Rajasthan HC Rejects Police Explanation for Parading Accused in Women's Clothes, Bars Social Media Humiliation as Extrajudicial Punishment
Justice Farjand Ali found the Nagaur police's account implausible and held that orchestrated public humiliation of an accused amounts to unlawful punishment outside any statutory framework.
The High Court of Judicature for Rajasthan at Jodhpur has disposed of a criminal writ petition filed by Puranmal, a 44-year-old resident of Alwar, who alleged that police officials of Police Station Merta City, District Nagaur, forcibly shaved his head, dressed him in women's clothing, and paraded him through a crowded marketplace before producing him before a competent court. Justice Farjand Ali, sitting singly, rejected the Superintendent of Police, Nagaur's explanation as implausible and declared that any act of social media condemnation orchestrated by police authorities constitutes a form of punishment that finds no sanction in law. The court drew on its earlier directions in Islam Khan & Ors. v. State of Rajasthan & Anr. [S.B. Criminal Writ Petition No. 224/2026] and issued a fresh set of binding directions to the police machinery.
What the Petitioner Alleged
According to the petition filed under Article 226 of the Constitution of India, Puranmal was taken from his residence on 30 July 2025 by persons in plain clothes who did not disclose their identity, produce a warrant, or state grounds of arrest. He was first taken to Police Station Sadar, Alwar, where he alleged custodial assault. He was then handed over to officials of Police Station Merta City, District Nagaur.
Before being produced before the competent court, the petitioner alleged that the Nagaur police forcibly shaved his head, dressed him in women's clothes, and paraded him through a crowded market. Photographs and videos of the incident were, he said, circulated on social media platforms and news channels, causing what the petition described as grave humiliation and irreparable damage to his dignity and reputation.
The petitioner further asserted that despite being implicated in multiple FIRs and subjected to custodial violence, no recovery had been effected from him and no material evidence connected him to the alleged offences. He invoked Articles 14, 19, and 21 of the Constitution of India.
The Police Explanation and Why the Court Rejected It
On a prior date, the court had directed the Superintendent of Police, Nagaur to appear in person and explain why action should not be taken against him. The Superintendent appeared and filed an explanation stating that Puranmal had been arrested in connection with FIR No. 195/2025 at Police Station Merta City, Nagaur, for offences of cheating. The explanation claimed that at the time of arrest, the petitioner and his co-accused were already wearing female attire to conceal their identity and evade arrest, and that they were brought to the police station in the same condition in which they were apprehended.
The Superintendent further stated that no custodial assault had been inflicted, that recoveries were effected during investigation, that the petitioner had several criminal antecedents, and that the photographs were captured by third persons during production before the court.
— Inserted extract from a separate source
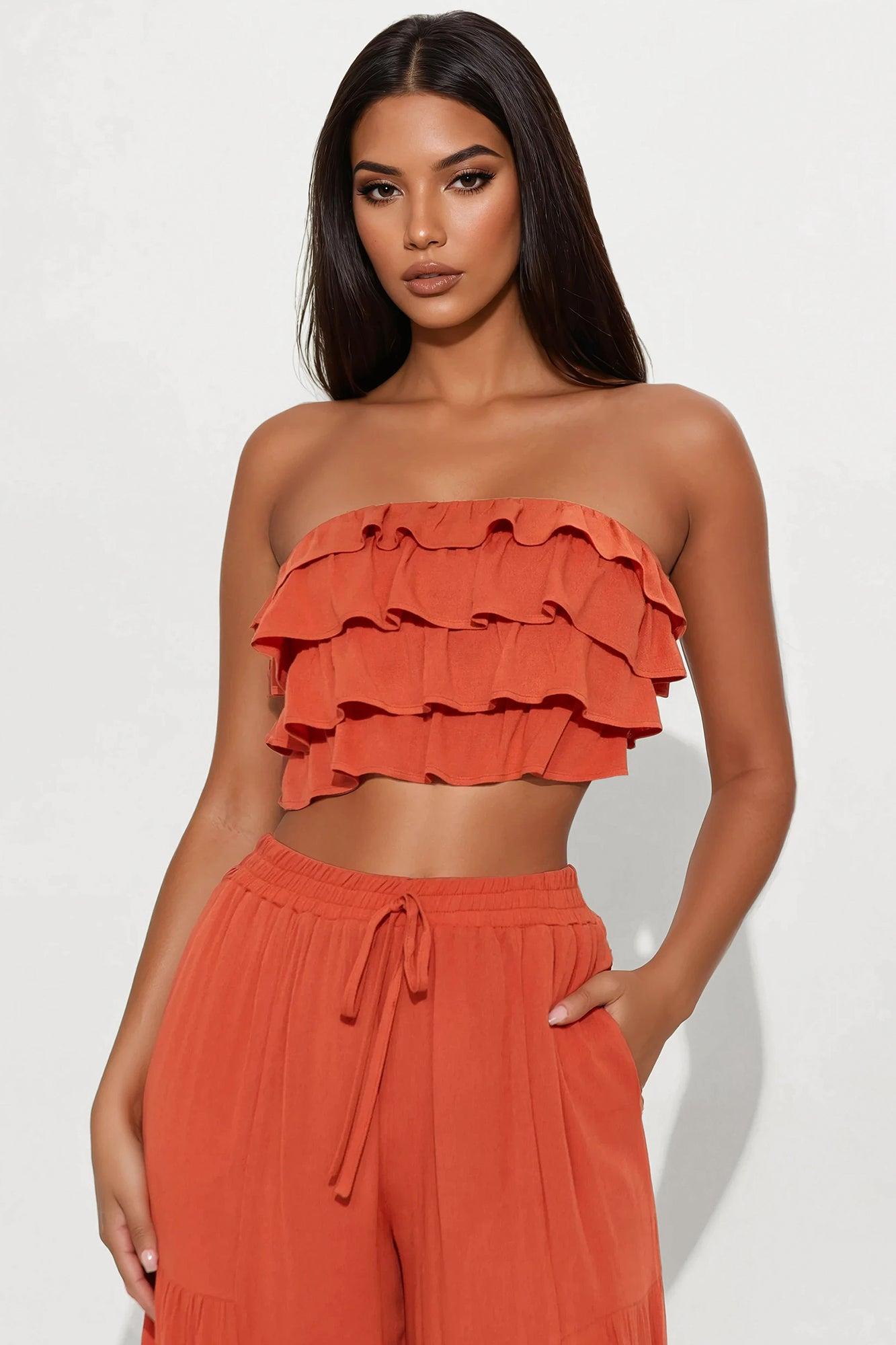 Aurora Ruffle Wide Leg Pant Set - Rust Product Image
The police denied circulating any photographs or videos on social media, asserting that only a routine press note had been issued.
Justice Farjand Ali was unpersuaded. The court found it wholly implausible that a person wishing to conceal his identity would voluntarily shave his head, dress in women's clothing, and then permit himself to be paraded through a crowded public market. The court observed that had the intention truly been to avoid identification, the natural conduct would have been to avoid any public exposure rather than invite a spectacle.
The court also examined FIR No. 195/2025 and noted that the complainant had already described the physical appearance, attire, and features of the accused at the time of the incident itself. The offence was stated to have occurred on 21 July 2025, while the arrest was effected on 30 July 2025. The court found it beyond the realm of reasonable probability that the accused had remained in women's attire for that prolonged duration and had themselves partially and crudely shaved their heads in the manner shown in the photographs on record.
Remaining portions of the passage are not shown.